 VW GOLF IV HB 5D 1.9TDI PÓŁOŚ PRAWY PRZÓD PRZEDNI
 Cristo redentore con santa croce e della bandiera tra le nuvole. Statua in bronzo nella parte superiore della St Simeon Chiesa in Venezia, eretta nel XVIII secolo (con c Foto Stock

==

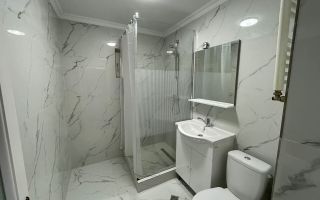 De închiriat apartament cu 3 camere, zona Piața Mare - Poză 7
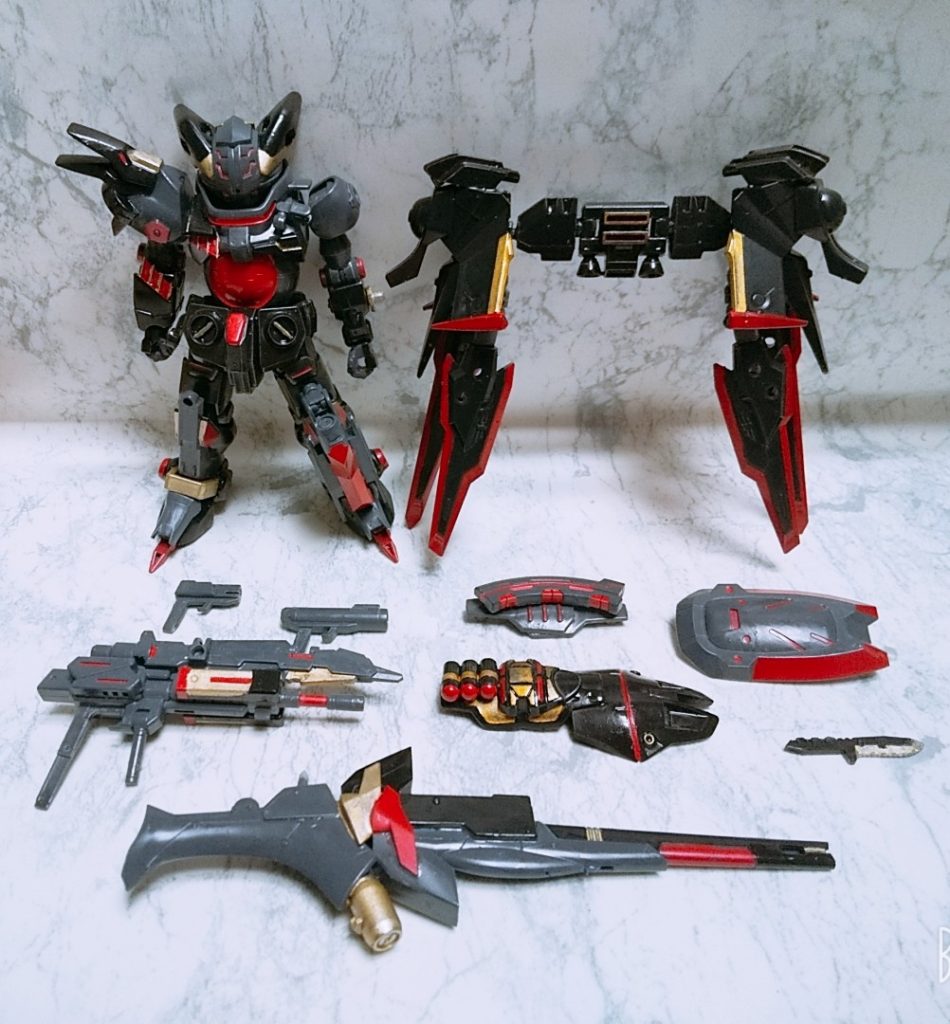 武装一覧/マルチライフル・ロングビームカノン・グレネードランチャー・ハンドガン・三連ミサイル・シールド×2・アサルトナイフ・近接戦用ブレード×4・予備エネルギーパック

==

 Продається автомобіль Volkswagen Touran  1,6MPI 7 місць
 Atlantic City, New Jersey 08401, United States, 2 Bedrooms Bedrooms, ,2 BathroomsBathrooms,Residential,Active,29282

#### About this task
The expected answer is an exact copy of the lines above, beginning at the line with "VW GOLF IV HB" and ending at the line with "Cristo redentore con", with both ends in.

#### Solution for this problem
 VW GOLF IV HB 5D 1.9TDI PÓŁOŚ PRAWY PRZÓD PRZEDNI
 Cristo redentore con santa croce e della bandiera tra le nuvole. Statua in bronzo nella parte superiore della St Simeon Chiesa in Venezia, eretta nel XVIII secolo (con c Foto Stock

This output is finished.